Vision of Hope

Muluwork Denekew, 31, with her daughter Yeabsira next to her and her son, Alazar on her back
Image: WaterAid/ Frehiwot Gebrewold

Muluwork Denekew, 31, is a mother of two. She lives in Finote Selam Town with her husband and two children, her daughter Yeabsira 3 and her son Alazar, 11 months. Besides living in poverty, Muluwork and her husband are blind. They don’t even have their own incomes and beg to make a living. They have no one who could support them. Furthermore, taking care of the kids and managing the housework is a women’s responsibility in most places of Ethiopia, Muluwork is also burdened with that.

When I used to bring water from the river, walking there was very challenging for me. I hated to beg people to go with me and or support me because I know everyone is busy with their own things. 

Collecting water was one of the very challenging tasks for Muluwork as their only water source was a river located about 30 minutes’ away from their house. She had to walk by the support of her walking cane or sometimes had to wait for her neighbours to accompany her to the river. When I used to bring water from the river, walking there was very challenging for me. I hated to beg people to go with me and or support me because I know everyone is busy with their own things, Muluwork said.  

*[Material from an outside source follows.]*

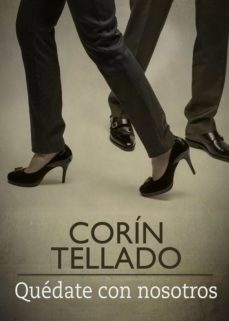 quedate con nosotros (ebook)-corin tellado-9788491626336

It was even challenging to beg the owners to give us water. Since we don’t have money, we didn’t contribute anything. 

After assessing the community's dire need for clean water, the town’s utility installed one tap for Muluwork's neighbourhood and around 7 households benefited from that single tap. After that when the tap was installed here, it was even challenging to beg the owners to give us water. Since we don’t have money, we didn’t contribute anything. It was very much challenging to sometimes see their faces. Besides, whenever they were not around, I used to go to other places, and it was not easy, she added.

You live without food for two or three days. But you can’t stay for a single day without water. Having this tap installed in my house made me very happy. 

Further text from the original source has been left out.